CHRAJ advises spouses to take advantage of Interstate Succession Law


The Commission on Human Rights and Administrative Justice (CHRAJ) has advised couples whose spouses die without a will to take advantage of the Interstate Succession Law and seek redress at the law courts.

Mr John Ato Breboh, the Senior Principal Investigator, Tema Regional Office of CHRAJ, who gave the advice, said even though the law had been in existence since 1985, most spouses, especially women, were being kicked out of their homes by family members.

Mr Breboh, supported by Ms Isabella Ayaim, a CHRAJ Investigator, gave the advice when he spoke on the Ghana News Agency on the Interstate Succession Law.

He said the law had made provision for the sharing of the property of a deceased person, therefore the practice of families taking over such property at the detriment of the spouse and children was illegal and punishable by law.

He urged aggrieved bereaved spouses and children to contact the CHRAJ offices in their districts for advice, adding: “It is unfortunate that most of such women have lost hope and trust in the system and, therefore, do not want to pursue such issues.”

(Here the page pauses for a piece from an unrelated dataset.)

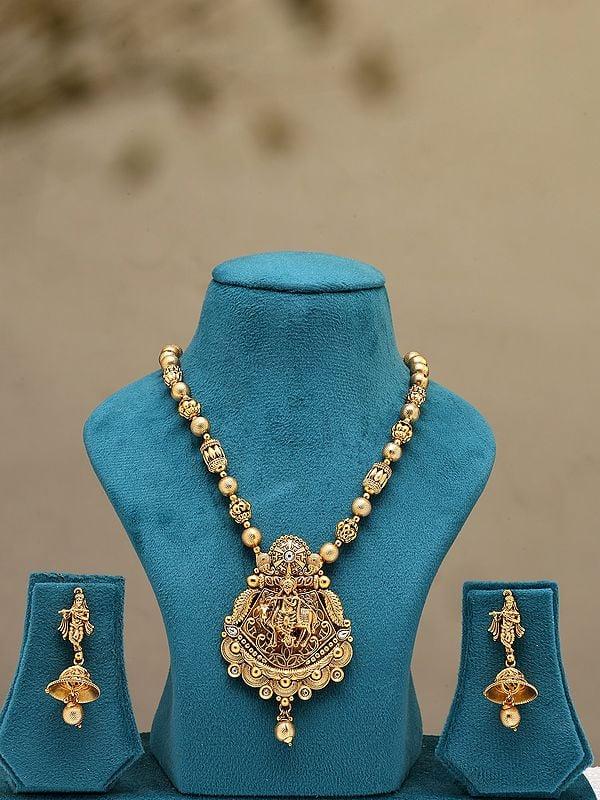 exotic india Fluting Krishna Necklace and Earrings Set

“It is discriminatory that a woman can die and then the man can have all her properties without family interference, while when the man dies, no matter the class of the woman, she will have to suffer at the hands of family members,” he stated.

He said to cure such anomalies, the PNDC Law 111 of 1985, currently under review, put in place a mechanism to satisfy all relatives of the deceased, which gave a larger portion of the property to the spouse and children.

He explained that if the deceased was survived only by a spouse without children, he or she was entitled to 50 percent of the property while the remaining 50 per cent would be shared equally by the family and parents.

The Interstate Succession Law, he stated also provided that if a person died intestate without a spouse, his or her children would take 12 portions out of the 16 equal parts and the remaining four portions shared to the parents and family.

“If one dies without children and spouse, the parents and family will take 50 percent each of his or her properties, if they die without a family, spouse, parents or children, everything goes to the state,” he stated.

He advised family heads to desist from arbitrary sharing of properties of people without recourse to the law and the acquisition of a Letter of Administration from the court, saying that amounts to illegality.